Task details:
Please repeat, from the entries that follow, the lines from the one containing "Technik-Tüftel Café" through the one containing "Vestil Hydraulic Elevating Carts" exactly, adding nothing.

Source data:
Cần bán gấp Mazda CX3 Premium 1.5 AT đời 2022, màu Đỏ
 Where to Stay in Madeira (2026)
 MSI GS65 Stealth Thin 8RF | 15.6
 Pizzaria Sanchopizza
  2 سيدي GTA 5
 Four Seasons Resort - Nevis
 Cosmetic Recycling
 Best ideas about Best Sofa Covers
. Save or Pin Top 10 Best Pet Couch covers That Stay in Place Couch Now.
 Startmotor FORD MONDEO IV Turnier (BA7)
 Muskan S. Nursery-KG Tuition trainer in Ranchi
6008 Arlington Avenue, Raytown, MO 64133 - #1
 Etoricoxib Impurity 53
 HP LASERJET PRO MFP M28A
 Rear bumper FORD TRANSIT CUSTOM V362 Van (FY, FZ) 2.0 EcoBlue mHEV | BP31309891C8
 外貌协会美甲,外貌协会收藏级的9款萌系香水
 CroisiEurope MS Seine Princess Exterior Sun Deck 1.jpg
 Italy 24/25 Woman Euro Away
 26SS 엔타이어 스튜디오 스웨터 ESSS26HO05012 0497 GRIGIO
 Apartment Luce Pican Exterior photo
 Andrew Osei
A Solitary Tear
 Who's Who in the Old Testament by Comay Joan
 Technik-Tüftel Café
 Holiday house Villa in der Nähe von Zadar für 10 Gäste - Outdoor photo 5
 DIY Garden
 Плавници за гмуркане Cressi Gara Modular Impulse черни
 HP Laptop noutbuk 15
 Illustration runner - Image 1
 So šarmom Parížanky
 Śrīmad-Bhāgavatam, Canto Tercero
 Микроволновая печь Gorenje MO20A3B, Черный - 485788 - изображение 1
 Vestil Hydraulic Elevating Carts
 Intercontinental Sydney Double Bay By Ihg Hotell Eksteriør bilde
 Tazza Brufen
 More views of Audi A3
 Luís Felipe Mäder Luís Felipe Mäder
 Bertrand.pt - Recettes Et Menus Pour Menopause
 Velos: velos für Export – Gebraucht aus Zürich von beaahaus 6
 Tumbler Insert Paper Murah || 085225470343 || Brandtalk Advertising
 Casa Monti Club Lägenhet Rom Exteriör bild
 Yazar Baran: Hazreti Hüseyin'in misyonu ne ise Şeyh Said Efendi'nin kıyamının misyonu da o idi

Problem solution:
 Technik-Tüftel Café
 Holiday house Villa in der Nähe von Zadar für 10 Gäste - Outdoor photo 5
 DIY Garden
 Плавници за гмуркане Cressi Gara Modular Impulse черни
 HP Laptop noutbuk 15
 Illustration runner - Image 1
 So šarmom Parížanky
 Śrīmad-Bhāgavatam, Canto Tercero
 Микроволновая печь Gorenje MO20A3B, Черный - 485788 - изображение 1
 Vestil Hydraulic Elevating Carts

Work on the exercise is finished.